__Problem requirements__: Copy nothing but the lines below running from the line containing "Calvin Klein Jerseyjurk" through the line containing "Item preview, Easily", both end lines included.

__Records supplied__:
########
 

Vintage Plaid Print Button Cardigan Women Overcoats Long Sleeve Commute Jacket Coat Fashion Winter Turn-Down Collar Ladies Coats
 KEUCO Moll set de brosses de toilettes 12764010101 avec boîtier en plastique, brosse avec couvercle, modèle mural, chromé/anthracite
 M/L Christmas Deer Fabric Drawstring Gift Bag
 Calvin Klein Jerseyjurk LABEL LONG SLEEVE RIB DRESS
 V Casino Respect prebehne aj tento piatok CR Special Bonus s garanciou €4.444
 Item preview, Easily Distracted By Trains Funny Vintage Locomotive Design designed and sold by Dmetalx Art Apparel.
########
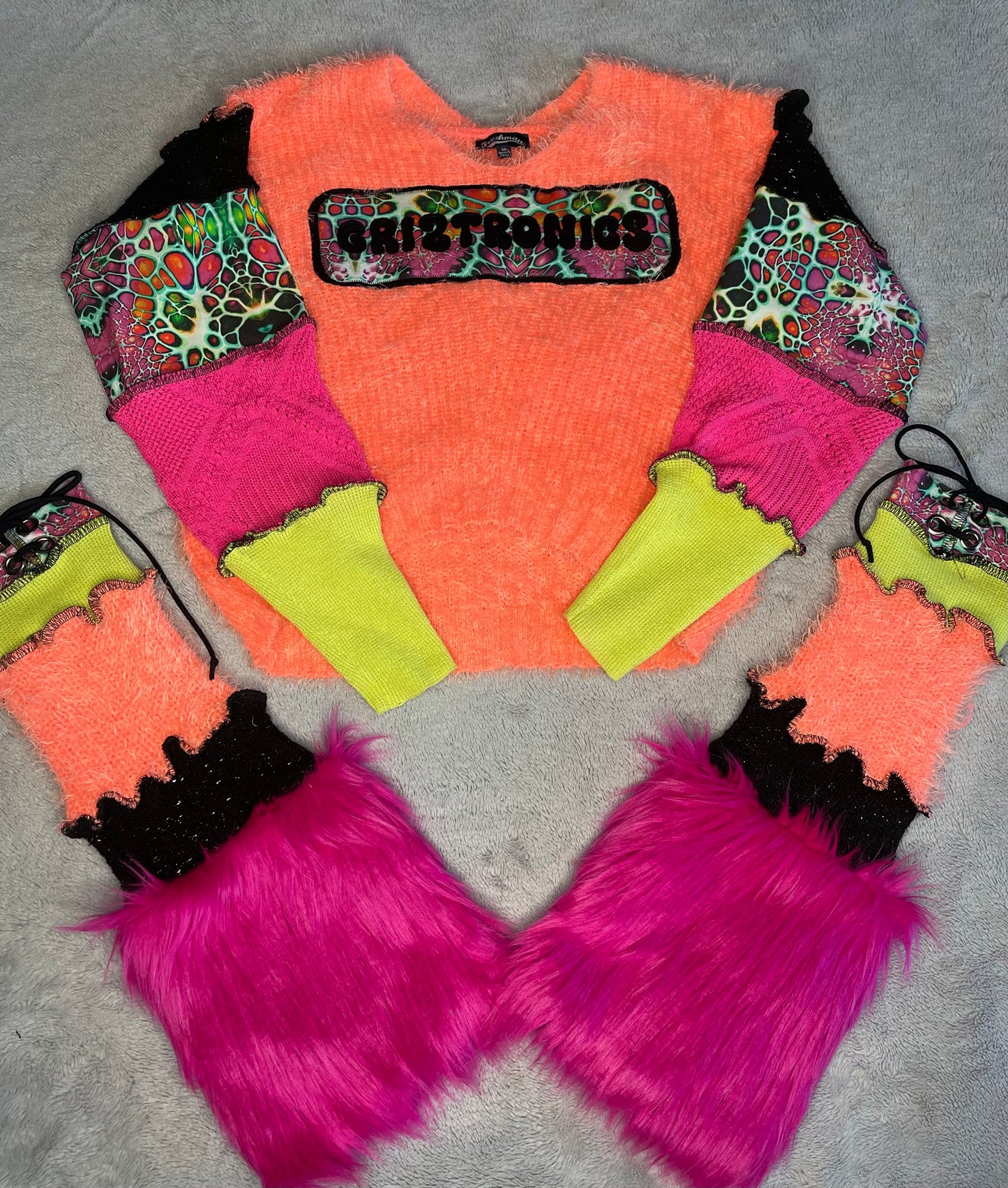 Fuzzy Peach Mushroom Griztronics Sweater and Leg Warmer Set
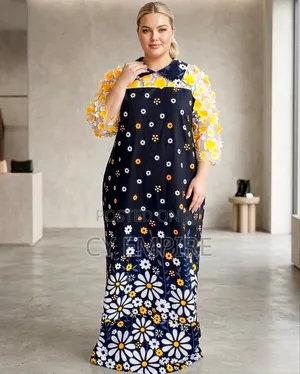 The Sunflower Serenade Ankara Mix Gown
########
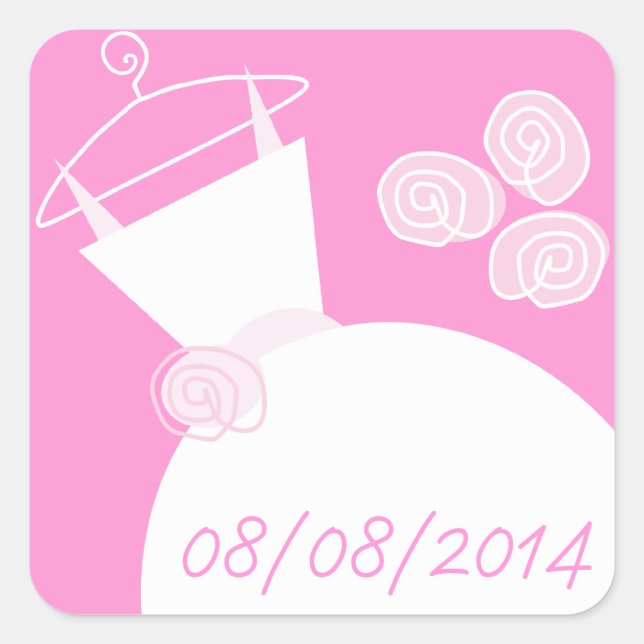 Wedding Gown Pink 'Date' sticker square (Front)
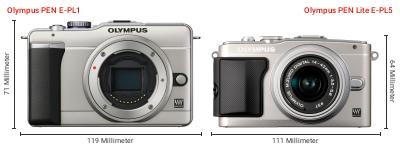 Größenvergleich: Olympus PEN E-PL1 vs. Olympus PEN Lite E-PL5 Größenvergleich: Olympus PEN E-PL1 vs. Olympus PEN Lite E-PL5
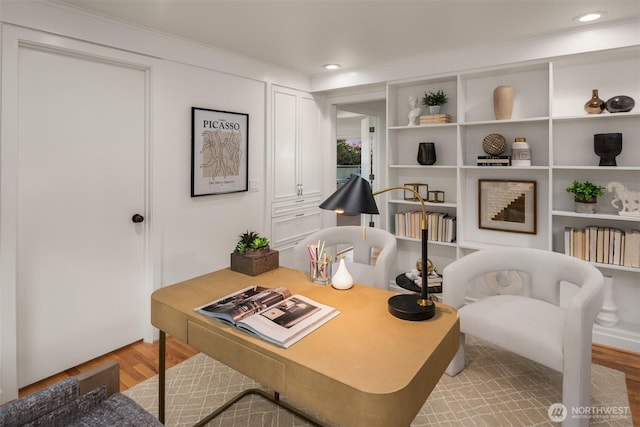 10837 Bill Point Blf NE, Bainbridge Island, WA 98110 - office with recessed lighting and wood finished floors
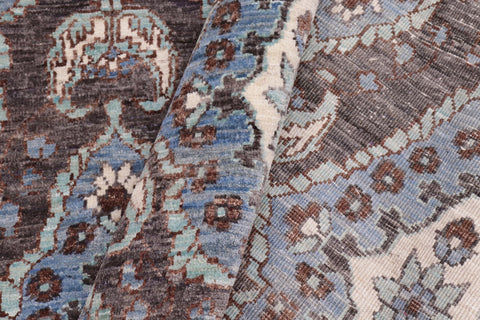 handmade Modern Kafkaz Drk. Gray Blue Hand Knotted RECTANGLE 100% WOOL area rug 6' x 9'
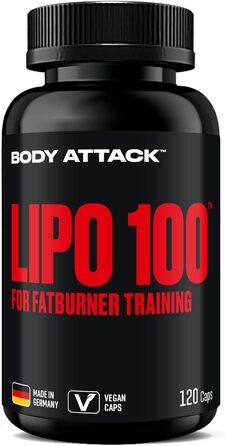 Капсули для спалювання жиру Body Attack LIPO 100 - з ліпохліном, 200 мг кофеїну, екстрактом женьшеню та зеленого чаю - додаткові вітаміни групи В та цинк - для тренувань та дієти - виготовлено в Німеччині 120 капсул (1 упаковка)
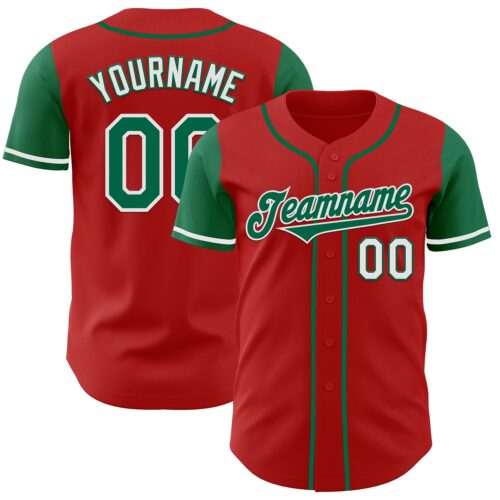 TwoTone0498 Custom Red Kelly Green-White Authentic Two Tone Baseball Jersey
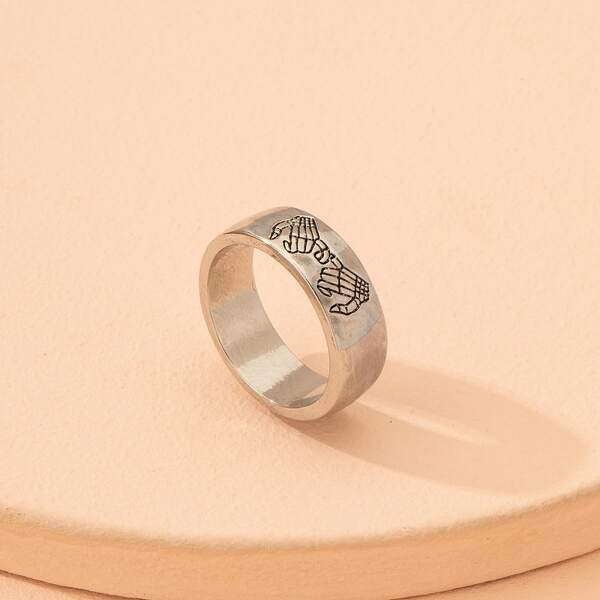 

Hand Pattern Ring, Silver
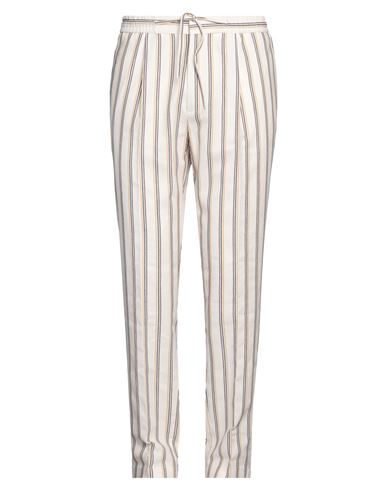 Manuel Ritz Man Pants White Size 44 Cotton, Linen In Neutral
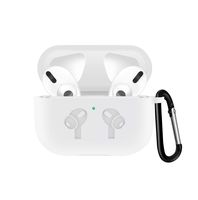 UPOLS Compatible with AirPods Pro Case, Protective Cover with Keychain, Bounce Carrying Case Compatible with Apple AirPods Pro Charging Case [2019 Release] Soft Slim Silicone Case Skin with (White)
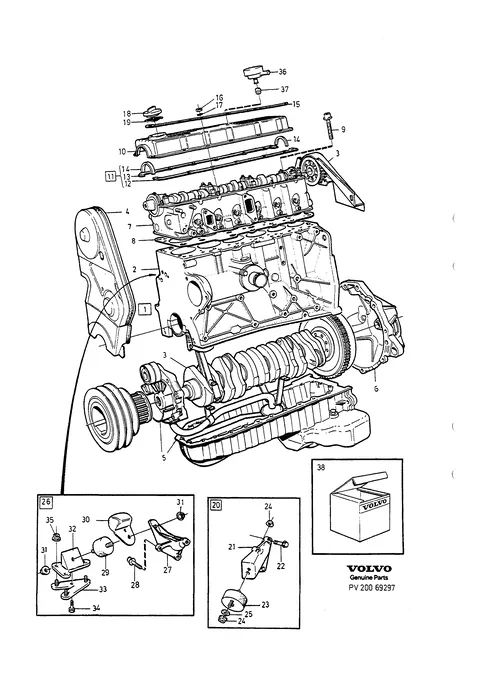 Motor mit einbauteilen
########
__Exercise output__:
 Calvin Klein Jerseyjurk LABEL LONG SLEEVE RIB DRESS
 V Casino Respect prebehne aj tento piatok CR Special Bonus s garanciou €4.444
 Item preview, Easily Distracted By Trains Funny Vintage Locomotive Design designed and sold by Dmetalx Art Apparel.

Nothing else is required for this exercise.